And it was Lenin who said:

If Socialism can only be realised when the intellectual development of all the people permits it, then we shall not get Socialism for about 500 years.
Quoted by John Reed, TEN DAYS THAT SHOOK THE WORLD, p 263

Blanqui and Lenin

Now what about Blanqui and Lenin? Lenin was accused by Bernstein of being a Blanquist and vigorously repudiated the charge. You can read this in ON THE EVE OF OCTOBER, written by Lenin in October 1917 (see COLLECTED WORKS, pp 799-800). Lenin’s answer to Bernstein was that the coming Communist seizure of power was not based on a “conspiracy” and not based on a party of intellectuals (the membership of the Bolshevik Party was quite small). But it was based “on the advanced class” and evidence of this, he said, was because they had got the support of “a majority of the workers and soldiers of the capitals” (that is, Petrograd and Moscow). So the Bolsheviks did succeed in seizing power - due as Trotsky admitted, to the fact that they were faced by a government army that was disintegrating and did not want to fight.

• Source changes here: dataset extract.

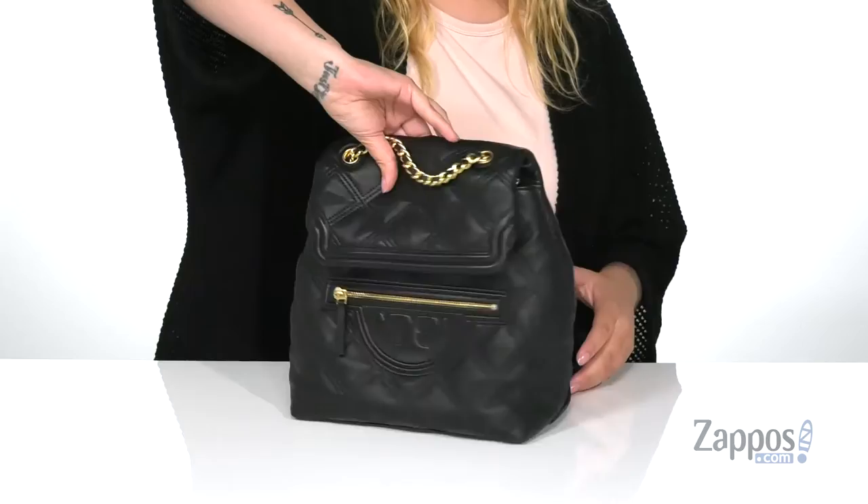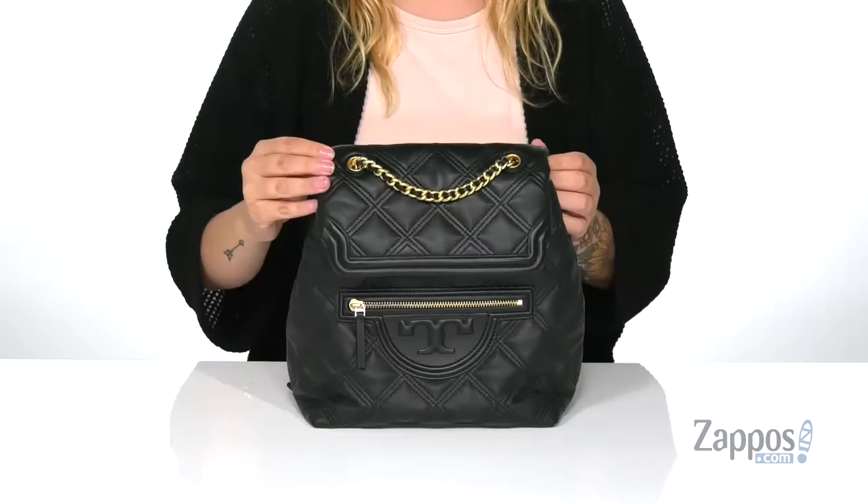On the front there is a small zip pocket, and on the back there are two adjustable straps so you can get that perfect length. Now let's take a look at the inside — this bag is going to open up pretty easily.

But Lenin’s argument is a specious one. Getting political power in exceptional circumstances is one thing but to be able to use that power to establish Socialism is quite a different matter. Blanqui’s argument had been that the armed minority seizes power and then, as Engels said in the Introduction to THE CIVIL WAR IN FRANCE (Moscow 1971, p 15).
to maintain power until they succeeded in sweeping the mass of the people into the revolution and ranging them round the small band of leaders. This involved, above all, the strictest, dictatorial centralisation of all power in the hand of the revolutionary government.

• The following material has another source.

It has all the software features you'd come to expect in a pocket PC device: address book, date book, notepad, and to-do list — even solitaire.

And remember that, for the reasons already quoted, Engels repudiated this political doctrine as “antiquated”. But it was precisely this Blanquist tactic that Lenin was following. The great mass of the Russian population were peasants and were not the slightest bit interested in the establishment of Socialism.

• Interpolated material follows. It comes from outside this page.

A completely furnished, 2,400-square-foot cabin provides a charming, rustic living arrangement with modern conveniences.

The slogan of the Russian Communist Party was not Socialism but “Peace, Bread and Land”. The implications were that, if they supported the Bolsheviks, the peasants would be fed and get land on which to farm.

When it met on 18 January 1918, out of 707 elected deputies the Constituent Assembly had only 175 deputies - a clear minority. So it was immediately dissolved by Lenin and the Bolsheviks by armed force. The argument put up by the Bolsheviks to defend their coup d’etat was that, between the election and the meeting of the Assembly, the Communists believed that the electors had changed their minds. The Bolsheviks let it be believed that fresh elections would be held in the future but they never were.

So Lenin was in practice a Blanquist, not a Marxist, despite what he said. The Constituent Assembly, based on democratic elections, was replaced by Soviets, with the voting rigged to give the Communist Party the majority. And from 1917 up until 1991, when the Communist Party lost power, there was only one legal political party in Russia. Everyone had a vote but the only candidate was drawn from a list of Communist Party members, or was approved by the Party and was allowed to stand.

Lenin and Leninism proved a theoretical and practical failure. The dictatorship of the Communist Party and its monopoly on whom and who could not be elected bought Socialism no nearer. It was the action of men like Lenin who acted as an anchor break on the development of Socialism not the working class.

In fact, it was members of the working class, who in 1904, two years after the publication of WHAT IS TO BE DONE?, went on to establish the Socialist Party of Great Britain with a Socialist programme.

The SPGB rejected the need for leaders ,and accepted Marx’s principle that the establishment of Socialism had to be the work of the working class alone. And the Party argued that workers could be persuaded to accept the Socialist case.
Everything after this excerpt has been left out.